Harkirit is the venue manager and concert promoter (for Ouroboros) at The Crescent community venue and a vital cog in the Music Venue Trust; Sarah edits Shout Louder, a webzine dedicated to the modern punk scene, and Papercuts, an independently published series of anecdotes about DIY culture; Amy is a PhD student researching music memoirs as part of the York Music Stories project.
The panel discussion will be followed by a reading and interview with Newcastle author Lucy Nichol, whose debut novel, The Twenty Seven Club, explores mental health and the media through the 1990s’ music scene in Hull.

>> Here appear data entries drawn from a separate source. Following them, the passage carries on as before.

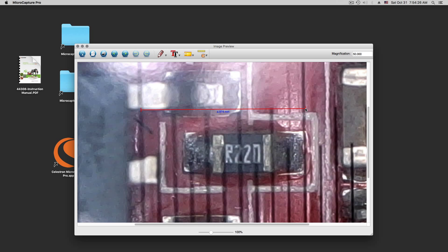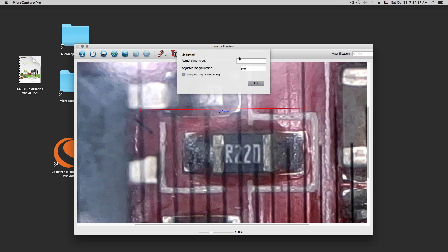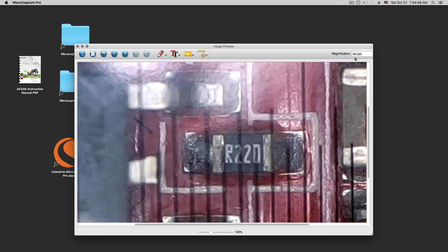And we know this is 5 millimeters. So, it's a little less, 4.9. We know 5 millimeters. You type in 5 and say OK.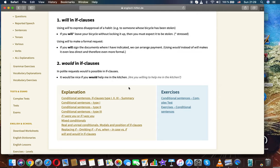Using will to make a formal request. If you will sign the documents where I have indicated, we can arrange payment. Using would instead of will makes it even less direct and therefore more formal.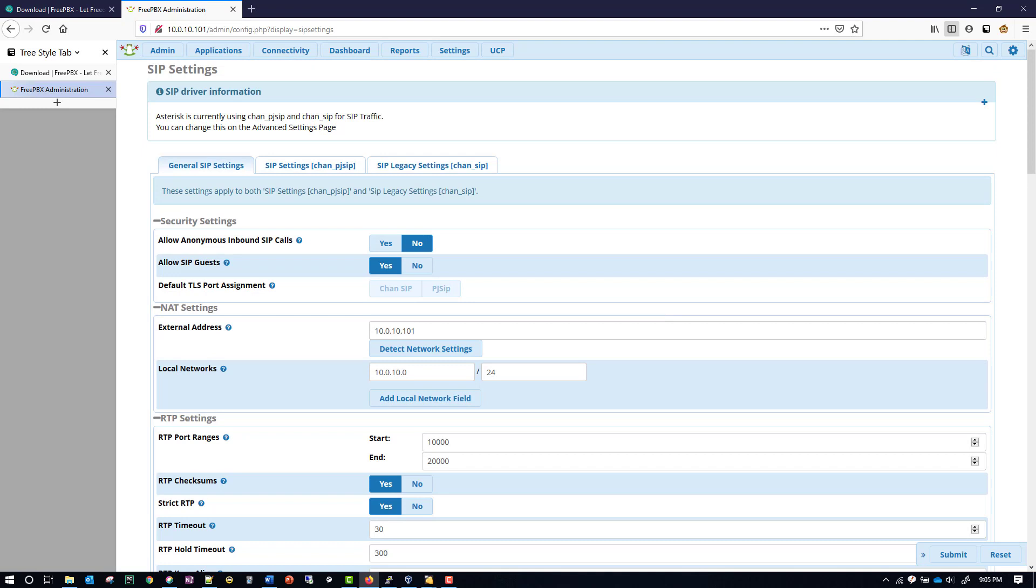This ends this section of the lab guide. Next, we'll move on to Configuring Internal Extensions.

Lucy’s story begins with Emma hearing of the tragic death of Kurt Cobain, prompting her to ask why so many musicians died aged 27 [bluesman Robert Johnson, Rolling Stone Brian Jones, Jimi Hendrix, Janis Joplin, Jim Morrison and Amy Winehouse among them].
Lucy, author, freelance writer, PR and marketing consultant, mental health campaigner, flunked punk and addiction stigma buster, will be discussing her novel’s darkly comic journey of self-discovery, friendship, fandom and hope in conversation with Amy McCarthy.
On the bill too will be spoken-word contributions from Hannah Davies and live music from Jack Woods. Tickets are on sale at yorkliteraturefestival.co.uk or at thefulfordarms.com.
YORK Literature Festival’s celebration of the written and spoken word opens today.
More than 20 live events will be held at venues across the city centre, such as York St John University, St Peter’s School and York Explore Library and Archive.
Running until March 27, the festival launches this evening when two-time Booker Prize nominee Sarah Hall will be in conversation with Professor Abi Curtis at the new York St John University Creative Centre at 7pm, discussing her latest novel, Burntcoat, set in the first pandemic lockdown.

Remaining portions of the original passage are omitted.